* _What is being asked_
Starting at the line that contains "Shoviv GroupWise to" and ending at the line that contains "A picture of BMW X1", the lines below are to be given again exactly, with nothing added.

* _Extracted records_
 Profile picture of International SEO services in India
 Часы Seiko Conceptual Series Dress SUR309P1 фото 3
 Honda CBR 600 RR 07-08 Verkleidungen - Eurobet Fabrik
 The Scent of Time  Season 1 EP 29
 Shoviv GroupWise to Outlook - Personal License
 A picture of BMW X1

--

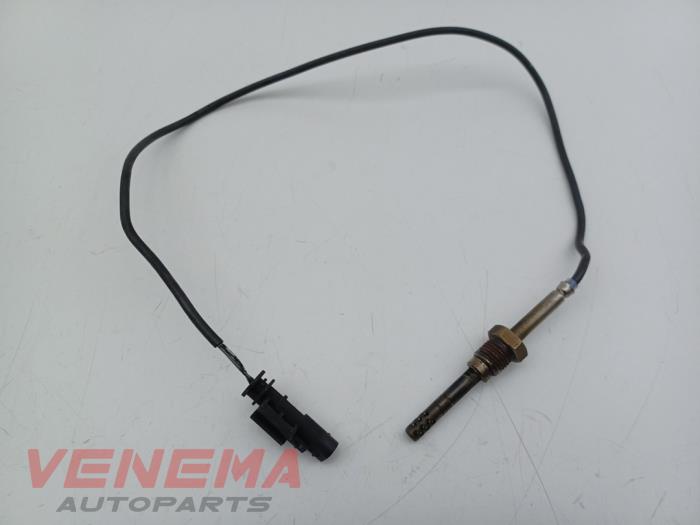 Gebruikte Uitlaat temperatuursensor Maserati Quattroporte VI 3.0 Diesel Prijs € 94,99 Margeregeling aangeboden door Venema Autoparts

* _Reply_
 Shoviv GroupWise to Outlook - Personal License
 A picture of BMW X1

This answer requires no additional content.